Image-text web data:
== Segment start ==

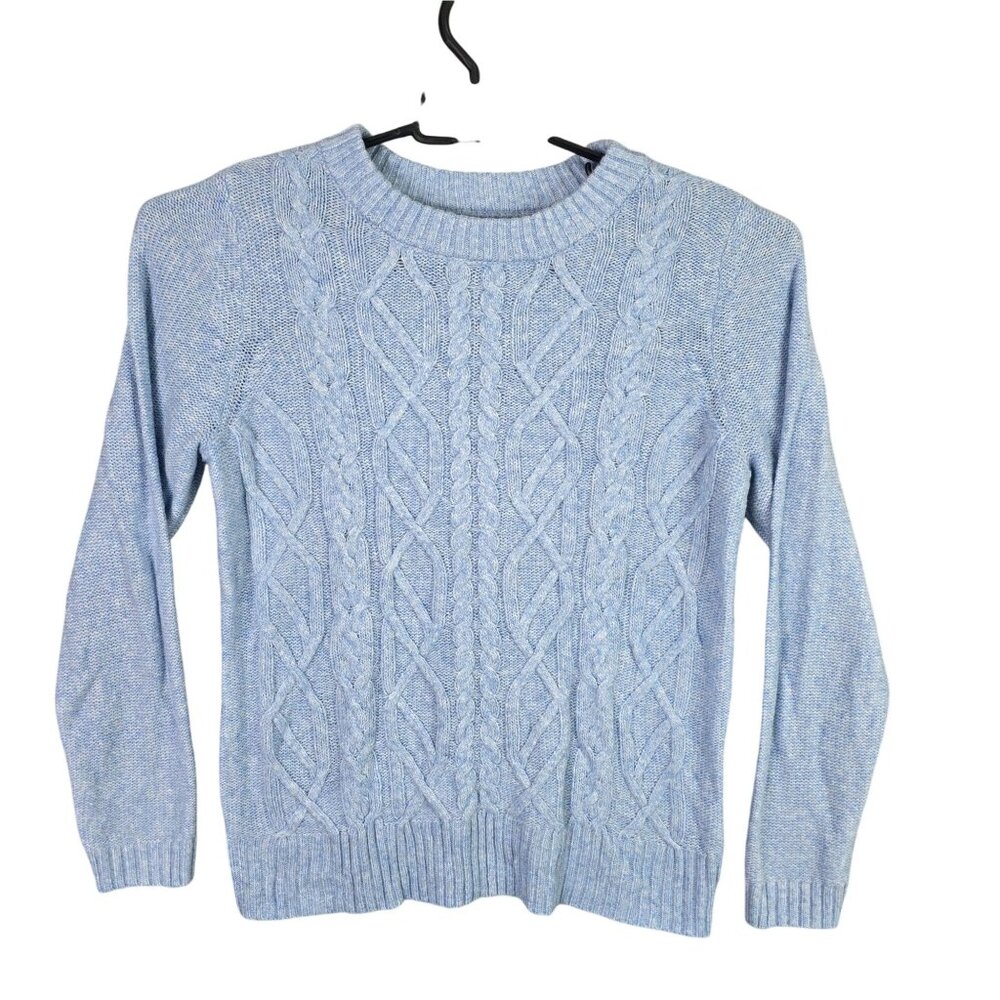 Womens Croft & Barrow Blue Cable Knit Sweater Long Sleeve Crew Neck Acrylic L
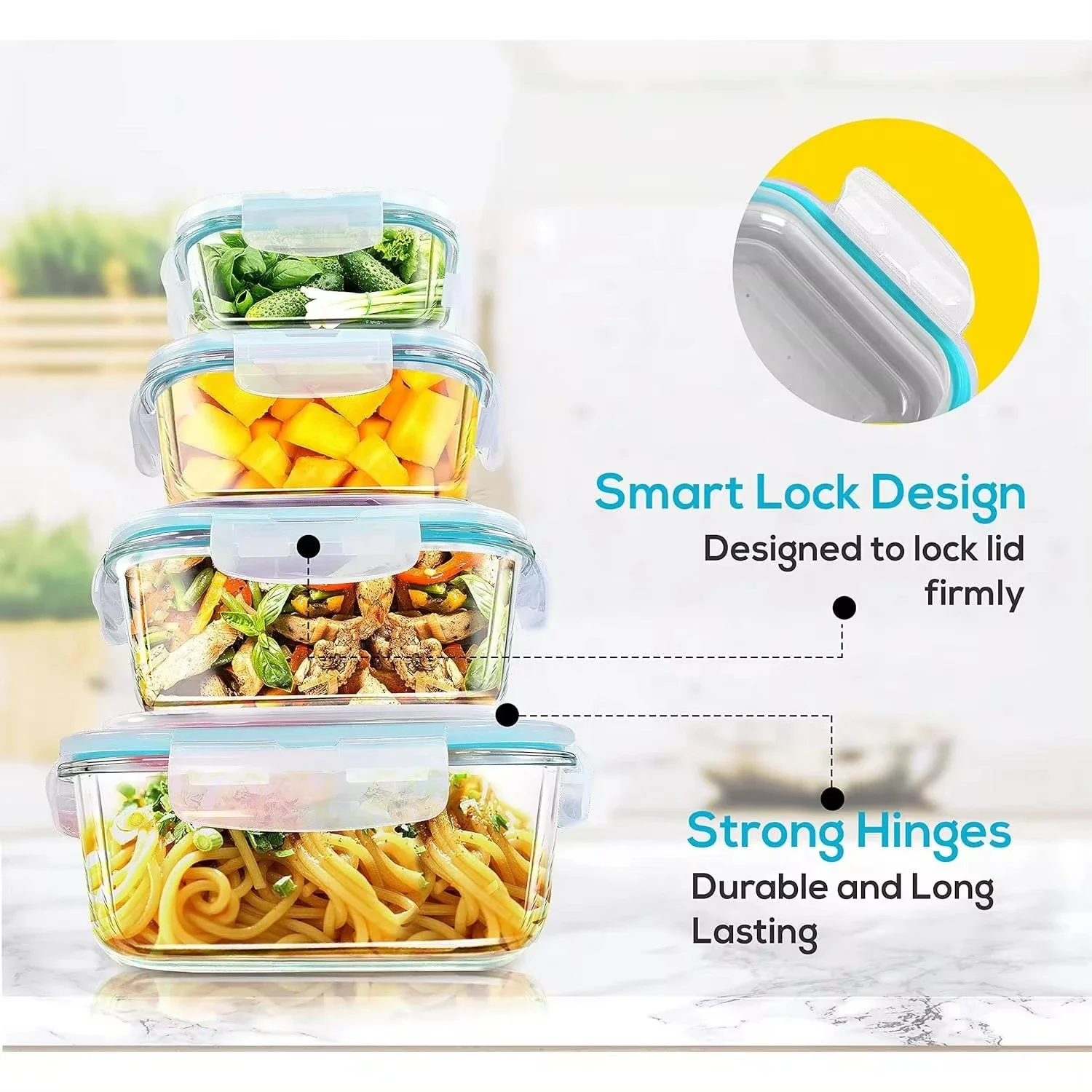 Glazen lunchbox Voedselopslagc - Meal Prep Glass Containers Oven Safe recensie en prijs
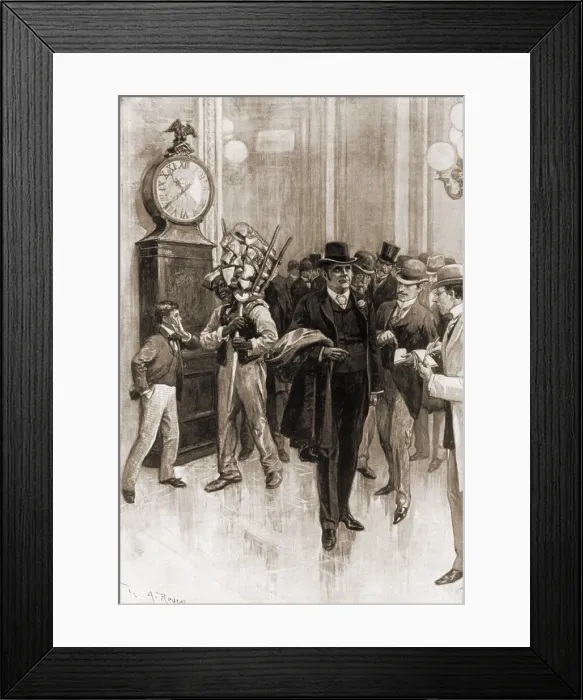 Framed Print : Mark A. Hanna, wealthy new Senator from Ohio, being interviewed by two reporters in U.S. Capitol. In the background, an African American laborer carries firewood. March 1897 Framed Print : Mark A. Hanna, wealthy new Senator from Ohio, being interviewed by two reporters in U.S. Capitol. In the background, an African American laborer carries firewood. March 1897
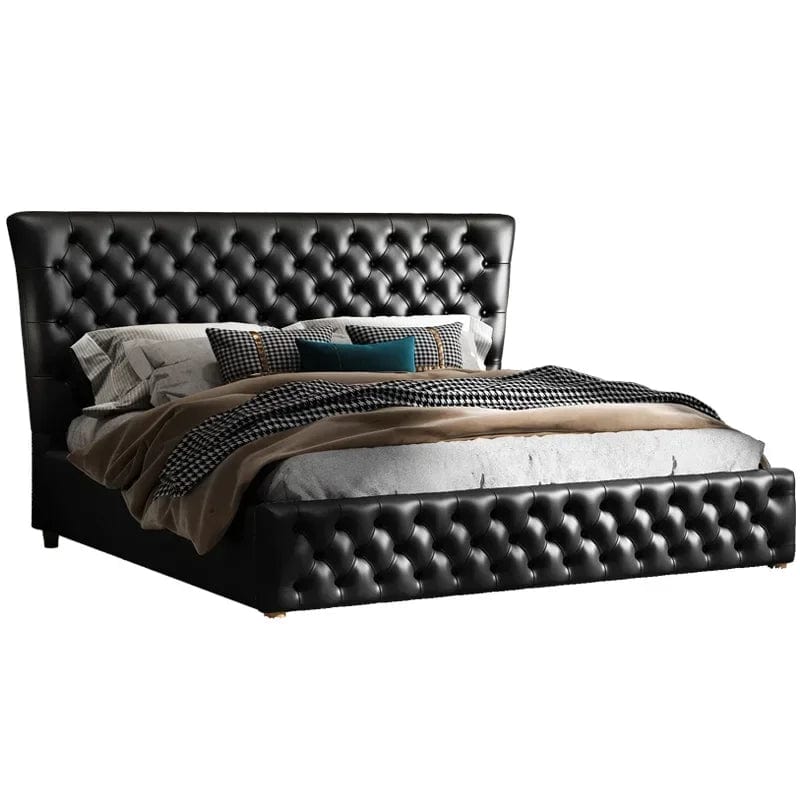 SHOWLU FASHION STORE Italian Modern Leather Bed Frames Black Master Bedroom Double Bed Frames Minimalist Storage Cama Matrimonial Furniture Home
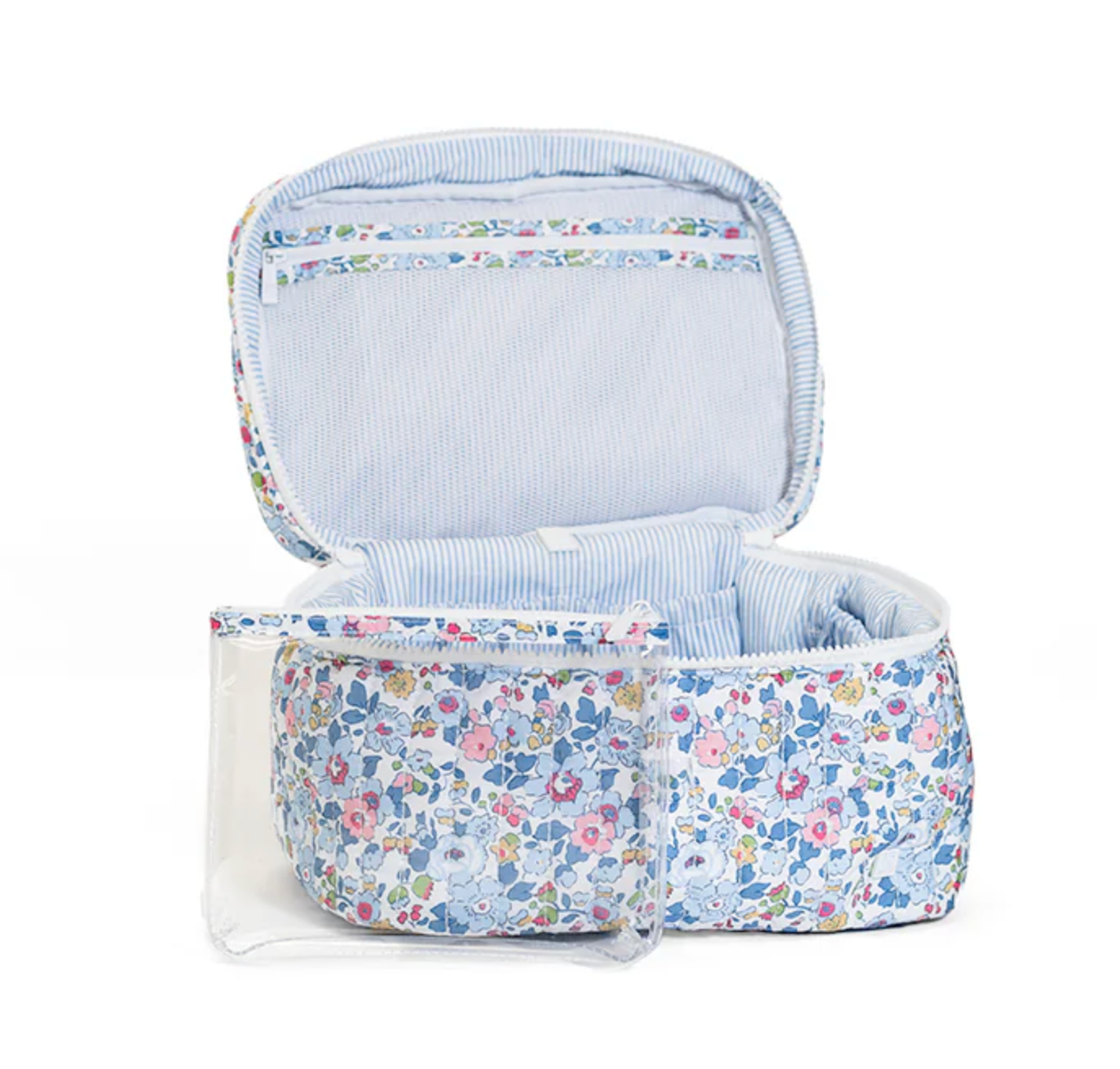 Quilted train set by TRVL Designs featuring colorful, cozy train cars with stitched quilted fabric and detailed design.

== Segment end ==

__WHAT NEEDS TO BE DONE__
Without the pictures, reproduce every line of the records above exactly.

__RESPONSE__
 Womens Croft & Barrow Blue Cable Knit Sweater Long Sleeve Crew Neck Acrylic L
 Glazen lunchbox Voedselopslagc - Meal Prep Glass Containers Oven Safe recensie en prijs
 Framed Print : Mark A. Hanna, wealthy new Senator from Ohio, being interviewed by two reporters in U.S. Capitol. In the background, an African American laborer carries firewood. March 1897 Framed Print : Mark A. Hanna, wealthy new Senator from Ohio, being interviewed by two reporters in U.S. Capitol. In the background, an African American laborer carries firewood. March 1897
 SHOWLU FASHION STORE Italian Modern Leather Bed Frames Black Master Bedroom Double Bed Frames Minimalist Storage Cama Matrimonial Furniture Home
 Quilted train set by TRVL Designs featuring colorful, cozy train cars with stitched quilted fabric and detailed design.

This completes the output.